Source code for ejkernel.callib._pallas_call

# Copyright 2025 The EasyDeL/ejKernel Author @erfanzar (Erfan Zare Chavoshi).
#
# Licensed under the Apache License, Version 2.0 (the "License");
# you may not use this file except in compliance with the License.
# You may obtain a copy of the License at
#
#     https://www.apache.org/licenses/LICENSE-2.0
#
# Unless required by applicable law or agreed to in writing, software
# distributed under the License is distributed on an "AS IS" BASIS,
# WITHOUT WARRANTIES OR CONDITIONS OF ANY KIND, either express or implied.
# See the License for the specific language governing permissions and
# limitations under the License.


"""Buffered Pallas call utilities for TPU kernel execution.

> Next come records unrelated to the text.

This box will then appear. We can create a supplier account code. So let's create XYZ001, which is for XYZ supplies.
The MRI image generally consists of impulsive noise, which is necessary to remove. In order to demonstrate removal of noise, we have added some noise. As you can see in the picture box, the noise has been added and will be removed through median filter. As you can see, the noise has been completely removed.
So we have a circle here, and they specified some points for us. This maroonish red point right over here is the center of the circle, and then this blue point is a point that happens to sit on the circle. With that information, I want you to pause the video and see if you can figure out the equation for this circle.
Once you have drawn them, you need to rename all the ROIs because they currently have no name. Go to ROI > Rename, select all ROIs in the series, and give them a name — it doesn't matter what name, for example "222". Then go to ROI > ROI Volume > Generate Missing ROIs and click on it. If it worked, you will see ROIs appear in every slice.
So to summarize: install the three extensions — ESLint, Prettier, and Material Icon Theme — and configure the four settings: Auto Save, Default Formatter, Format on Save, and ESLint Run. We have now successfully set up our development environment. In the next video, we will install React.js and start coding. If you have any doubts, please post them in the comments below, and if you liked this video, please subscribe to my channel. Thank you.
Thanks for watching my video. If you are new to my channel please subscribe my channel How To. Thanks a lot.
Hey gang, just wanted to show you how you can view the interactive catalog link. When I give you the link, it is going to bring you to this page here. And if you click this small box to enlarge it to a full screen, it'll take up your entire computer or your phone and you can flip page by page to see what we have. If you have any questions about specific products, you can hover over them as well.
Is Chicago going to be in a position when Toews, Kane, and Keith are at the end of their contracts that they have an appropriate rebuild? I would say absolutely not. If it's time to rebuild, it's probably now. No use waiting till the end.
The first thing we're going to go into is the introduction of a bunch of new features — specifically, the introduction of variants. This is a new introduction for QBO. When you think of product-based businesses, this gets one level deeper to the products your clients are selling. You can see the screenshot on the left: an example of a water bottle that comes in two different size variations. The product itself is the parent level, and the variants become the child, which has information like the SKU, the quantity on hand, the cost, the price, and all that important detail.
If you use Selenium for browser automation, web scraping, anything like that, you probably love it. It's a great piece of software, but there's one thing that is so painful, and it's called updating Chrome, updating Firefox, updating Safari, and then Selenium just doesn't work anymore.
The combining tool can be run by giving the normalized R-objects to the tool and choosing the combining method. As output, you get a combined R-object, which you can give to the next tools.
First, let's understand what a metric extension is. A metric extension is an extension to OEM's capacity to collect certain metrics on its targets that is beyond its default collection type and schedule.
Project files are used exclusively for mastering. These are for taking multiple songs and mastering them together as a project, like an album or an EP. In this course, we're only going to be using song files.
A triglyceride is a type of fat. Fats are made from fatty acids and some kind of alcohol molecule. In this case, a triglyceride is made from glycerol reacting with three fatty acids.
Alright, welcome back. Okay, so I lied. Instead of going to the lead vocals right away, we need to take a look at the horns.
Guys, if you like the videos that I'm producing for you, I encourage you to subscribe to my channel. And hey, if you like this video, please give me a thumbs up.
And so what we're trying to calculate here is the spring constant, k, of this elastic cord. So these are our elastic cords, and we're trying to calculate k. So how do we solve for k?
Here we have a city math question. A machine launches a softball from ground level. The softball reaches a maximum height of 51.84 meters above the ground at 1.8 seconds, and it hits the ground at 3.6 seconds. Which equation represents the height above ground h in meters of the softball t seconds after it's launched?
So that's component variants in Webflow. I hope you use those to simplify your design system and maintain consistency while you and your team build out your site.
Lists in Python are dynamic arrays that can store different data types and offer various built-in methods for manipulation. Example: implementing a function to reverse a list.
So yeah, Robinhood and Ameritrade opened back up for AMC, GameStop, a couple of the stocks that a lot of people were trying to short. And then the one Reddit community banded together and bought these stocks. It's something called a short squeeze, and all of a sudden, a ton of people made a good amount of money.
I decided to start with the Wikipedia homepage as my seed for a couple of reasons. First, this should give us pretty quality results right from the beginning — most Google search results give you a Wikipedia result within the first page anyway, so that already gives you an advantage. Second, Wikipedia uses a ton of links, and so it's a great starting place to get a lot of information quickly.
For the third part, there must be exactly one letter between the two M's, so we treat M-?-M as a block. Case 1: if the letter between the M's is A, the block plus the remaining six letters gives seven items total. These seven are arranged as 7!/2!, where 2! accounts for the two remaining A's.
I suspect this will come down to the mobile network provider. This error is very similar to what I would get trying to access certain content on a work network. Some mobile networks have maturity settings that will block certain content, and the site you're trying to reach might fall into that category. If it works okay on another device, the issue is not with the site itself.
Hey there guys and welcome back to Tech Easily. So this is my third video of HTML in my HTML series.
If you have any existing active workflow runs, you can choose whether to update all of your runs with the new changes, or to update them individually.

This module provides utilities for creating optimized Pallas kernel calls on TPU
with advanced features like double/triple buffering, scalar prefetching, and
pipeline emission for hiding memory latency.

Key Features:
    - Scalar memory prefetching from SMEM for fast grid parameter access
    - Configurable input buffering (double/triple) to hide memory latency
    - Automatic pipeline scheduling with emit_pipeline
    - Proper memory space mapping (SMEM, HBM) for TPU memory hierarchy

Functions:
    buffered_pallas_call: Create a buffered Pallas call with custom prefetch config

Example:
    >>> grid_spec = pltpu.PrefetchScalarGridSpec(
    ...     num_scalar_prefetch=2,
    ...     in_specs=[lhs_spec, rhs_spec],
    ...     out_specs=out_spec,
    ...     grid=(tiles_n, tiles_m, tiles_k),
    ... )
    >>> call_fn = buffered_pallas_call(kernel, out_shape, grid_spec, compiler_params)
    >>> result = call_fn(group_metadata, grid_metadata, lhs, rhs)
"""

import dataclasses
import functools
from collections.abc import Callable, Sequence
from typing import Any

import jax
import jax.numpy as jnp
from jax.experimental import pallas as pl
from jax.experimental.pallas import tpu as pltpu

if hasattr(pl, "ANY"):
    _HBM_ANY = pl.ANY
else:
    _HBM_ANY = pltpu.ANY


[docs]def buffered_pallas_call(
    kernel: Callable[..., Any],
    out_shape: jax.ShapeDtypeStruct,
    grid_spec: pltpu.PrefetchScalarGridSpec,
    compiler_params: pltpu.CompilerParams,
    input_buffer_count: Sequence[int] | None = None,
    **kw,
):
    """Create a buffered Pallas call for TPU with custom prefetch and pipeline configuration.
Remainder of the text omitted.